= Exercise data =
+++++

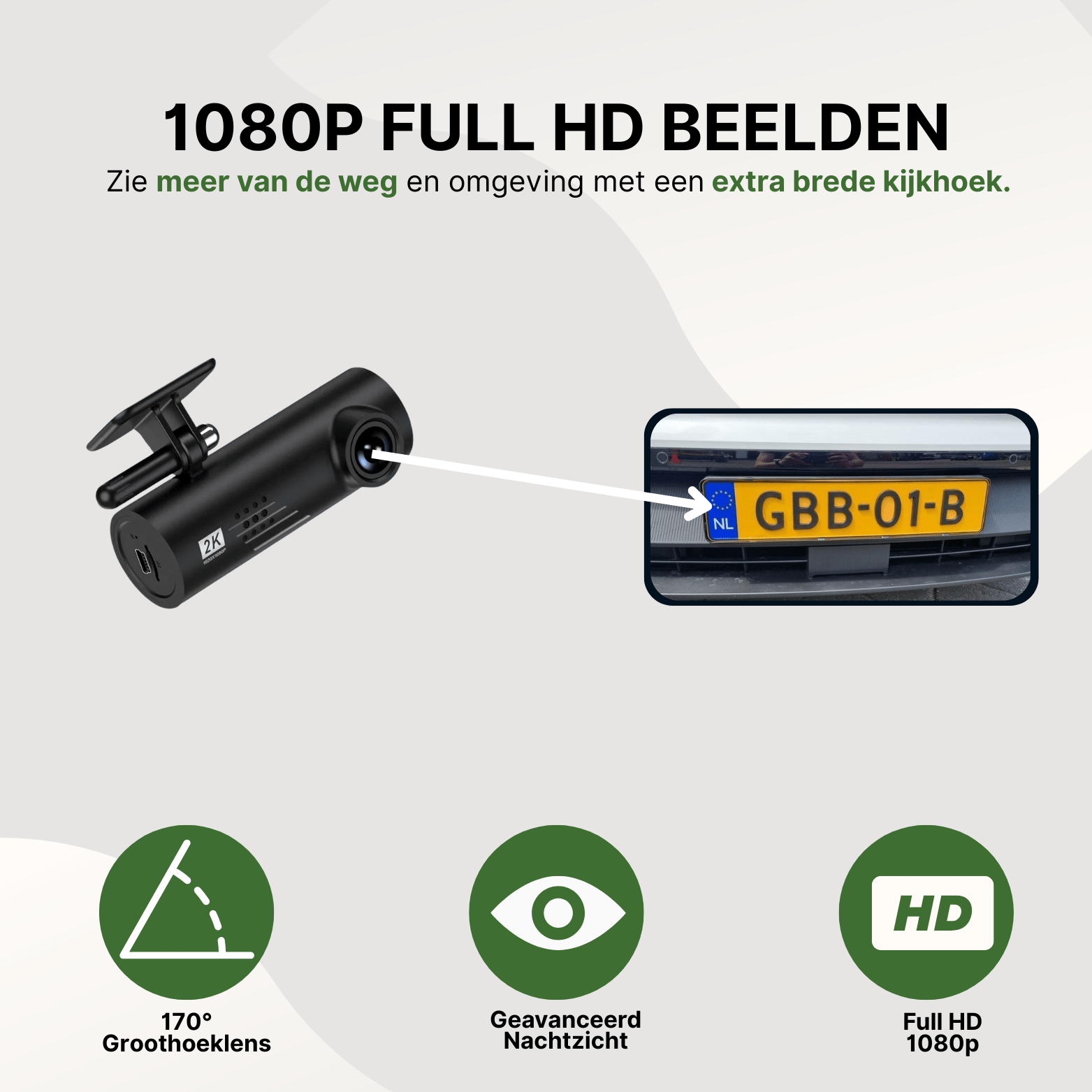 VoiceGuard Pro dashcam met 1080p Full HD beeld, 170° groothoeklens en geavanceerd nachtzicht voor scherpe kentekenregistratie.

+++++

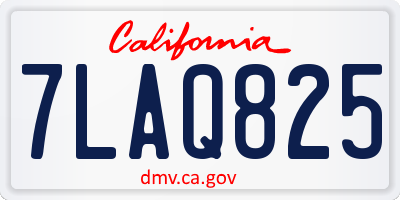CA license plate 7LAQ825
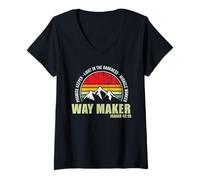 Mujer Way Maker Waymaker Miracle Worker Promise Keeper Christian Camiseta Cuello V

+++++

The copy should hold exactly the lines above from the one with "CA license plate 7LAQ825" through the one with "Mujer Way Maker", both ends counted, and no pictures at all.

CA license plate 7LAQ825
 Mujer Way Maker Waymaker Miracle Worker Promise Keeper Christian Camiseta Cuello V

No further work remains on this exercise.